WHAT THE TASK REQUIRES: In the entries below, begin at the line that has "Lastly, duplicate the", stop after the line that has "Hey everyone, welcome", and output those lines exactly with no pictures.

EXERCISE INPUT:
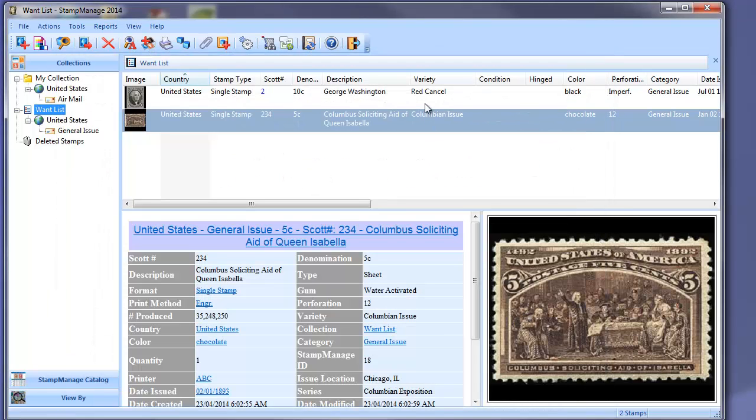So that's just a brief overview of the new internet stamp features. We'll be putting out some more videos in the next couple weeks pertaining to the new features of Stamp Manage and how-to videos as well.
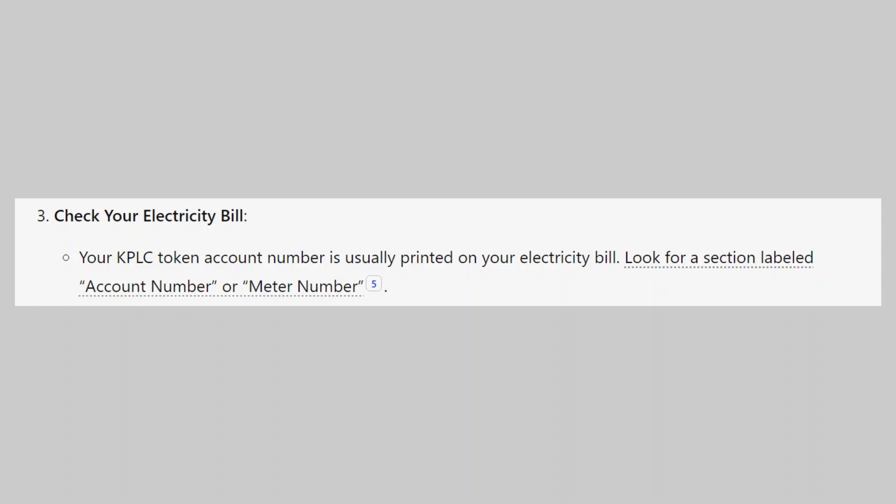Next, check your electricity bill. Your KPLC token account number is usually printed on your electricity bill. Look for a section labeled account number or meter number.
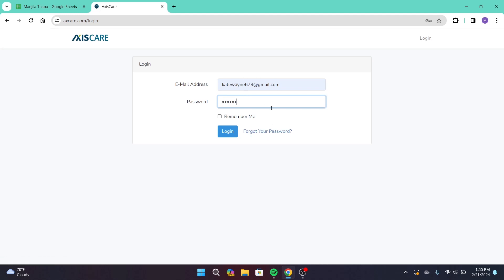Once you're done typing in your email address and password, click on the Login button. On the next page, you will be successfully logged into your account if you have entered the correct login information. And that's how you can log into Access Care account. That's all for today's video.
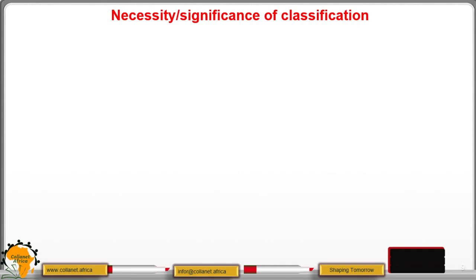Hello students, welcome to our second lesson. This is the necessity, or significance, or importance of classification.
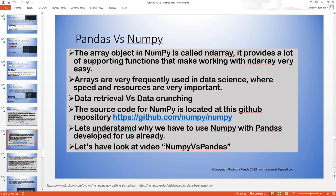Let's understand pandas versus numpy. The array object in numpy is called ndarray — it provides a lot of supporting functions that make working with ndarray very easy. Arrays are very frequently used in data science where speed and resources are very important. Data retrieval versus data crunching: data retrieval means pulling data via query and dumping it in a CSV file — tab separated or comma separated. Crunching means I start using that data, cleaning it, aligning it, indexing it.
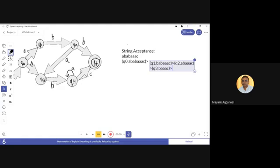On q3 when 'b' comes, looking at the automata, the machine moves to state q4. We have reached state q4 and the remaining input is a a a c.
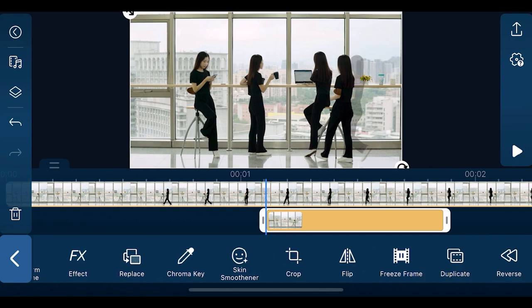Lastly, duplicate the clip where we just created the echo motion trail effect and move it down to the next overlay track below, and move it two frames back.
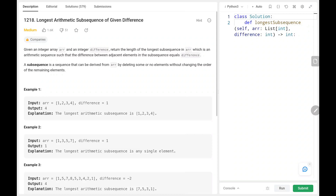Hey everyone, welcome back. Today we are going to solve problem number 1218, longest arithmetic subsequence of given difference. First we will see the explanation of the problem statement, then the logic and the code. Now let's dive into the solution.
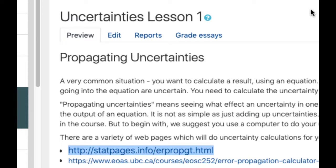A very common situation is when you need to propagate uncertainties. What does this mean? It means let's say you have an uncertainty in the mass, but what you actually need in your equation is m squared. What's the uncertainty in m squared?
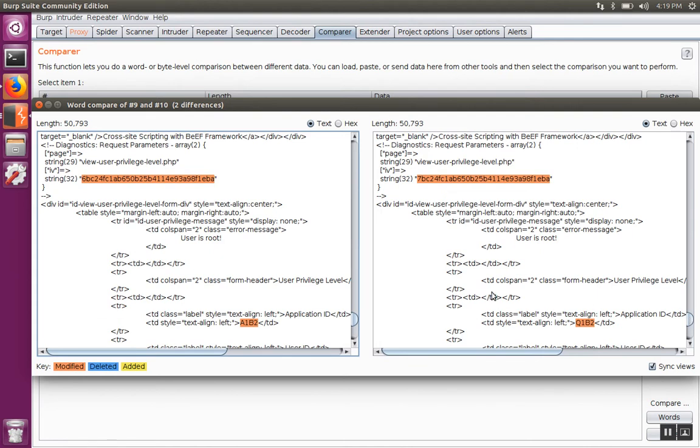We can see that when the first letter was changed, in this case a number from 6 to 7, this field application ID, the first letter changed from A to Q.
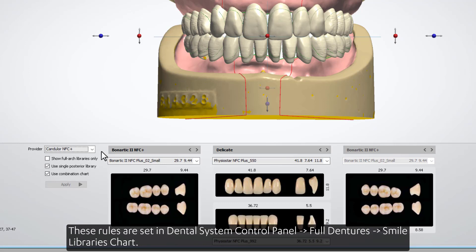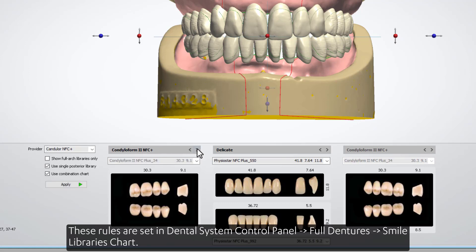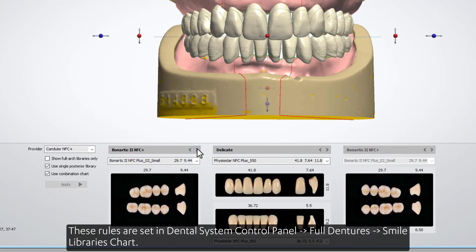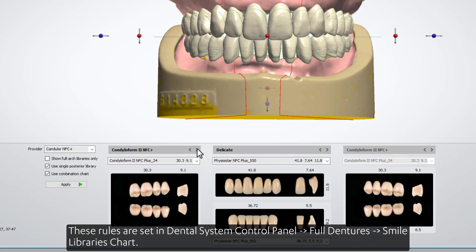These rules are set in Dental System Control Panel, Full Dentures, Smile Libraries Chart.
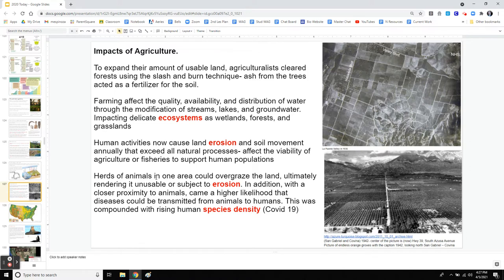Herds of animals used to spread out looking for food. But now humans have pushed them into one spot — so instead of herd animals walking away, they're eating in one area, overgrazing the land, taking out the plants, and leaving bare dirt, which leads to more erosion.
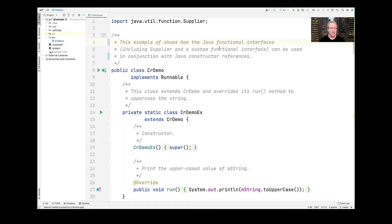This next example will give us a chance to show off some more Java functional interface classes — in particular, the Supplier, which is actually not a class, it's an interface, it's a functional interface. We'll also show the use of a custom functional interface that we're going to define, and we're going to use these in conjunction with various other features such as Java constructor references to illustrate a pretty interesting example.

RESULT BELOW:
Lastly, duplicate the clip where we just created the echo motion trail effect and move it down to the next overlay track below, and move it two frames back.
Hey everyone, welcome back. Today we are going to solve problem number 1218, longest arithmetic subsequence of given difference. First we will see the explanation of the problem statement, then the logic and the code. Now let's dive into the solution.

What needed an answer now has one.